Descriptions, Reviews, Etc.
Publisher Description:
Recent movements such as the Tea Party and anti-tax "constitutional conservatism" lay claim to the finance and taxation ideas of America's founders, but how much do we really know about the dramatic clashes over finance and economics that marked the founding of America? Dissenting from both right-wing claims and certain liberal preconceptions, Founding Finance brings to life the violent conflicts over economics, class, and finance that played directly, and in many ways ironically, into the hardball politics of forming the nation and ratifying the Constitution--conflicts that still continue to affect our politics, legislation, and debate today. Mixing lively narrative with fresh views of America's founders, William Hogeland offers a new perspective on America's economic infancy: foreclosure crises that make our current one look mild; investment bubbles in land and securities that drove rich men to high-risk borrowing and mad displays of ostentation before dropping them into debtors' prisons; depressions longer and deeper than the great one of the twentieth century; crony mercantilism, war profiteering, and government corruption that undermine any nostalgia for a virtuous early republic; and predatory lending of scarce cash at exorbitant, unregulated rates, which forced people into bankruptcy, landlessness, and working in the factories and on the commercial farms of their creditors. This story exposes and corrects a perpetual historical denial--by movements across the political spectrum--of America's all-important founding economic clashes, a denial that weakens and cheapens public discourse on American finance just when we need it most.

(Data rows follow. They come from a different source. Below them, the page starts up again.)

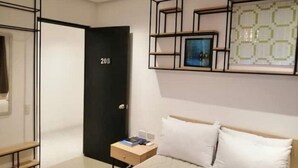Ein modernes Hotelzimmer mit einem Bett, einem Nachttisch, einer schwarzen Tür mit der Nummer 208 und einer geometrischen Wanddekoration.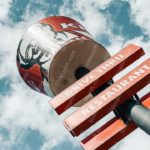 Red and White Signpost Spherical Object Cloudy Sky Background Image & Google Slides Theme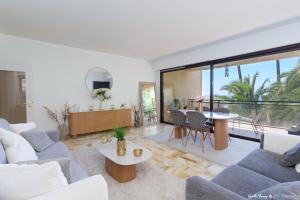 a living room with a couch and a table at Festival de Cannes résidence de luxe piscine tennis in Vallauris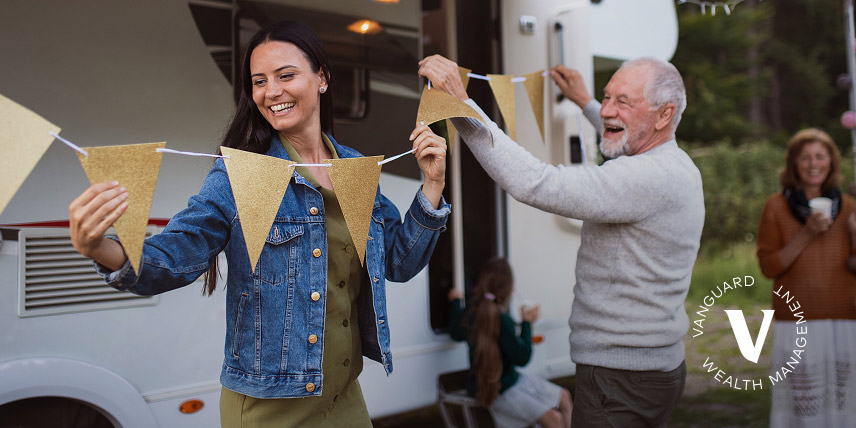 A family setting up decorations outside, laughing and smiling.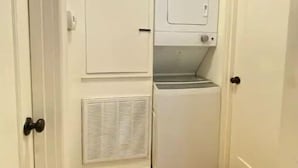 Une petite buanderie équipée d’un lave-linge et d’un sèche-linge encastrés, d’une bouche d’aération et d’une porte dotée d’une poignée ronde.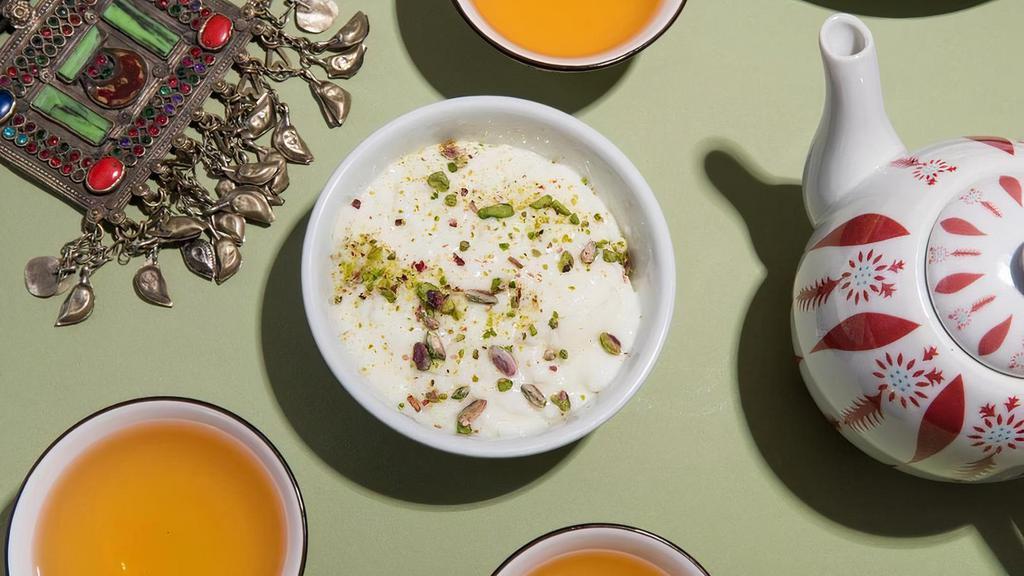 Firnee · Homemade custard made with sweet milk,  cinnamon, rose water and cardamon. Garnished with minced pistachios.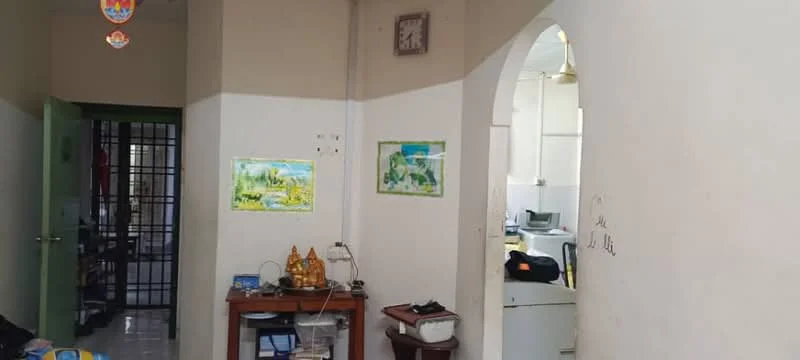 Room features: white painted walls, glossy tile flooring, wooden console table, framed artwork on walls, wall clock, doorway leading to another room, visible kitchen area in background, ceiling fan.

Contributor Bio(s): Hogeland, William: - William Hogeland writes and speaks on startling connections between American history and today’s political and cultural struggles. He is the author of the critically acclaimed narrative histories Declaration and The Whiskey Rebellion, as well as a collection of essays, Inventing American History. His articles have appeared in the New York Times, Atlantic, American History Magazine, Boston Review, Salon, Huffington Post, and elsewhere. He has also appeared on CBS’s Good Morning, America, PBS’s History Detectives, and C-SPAN’s Book TV.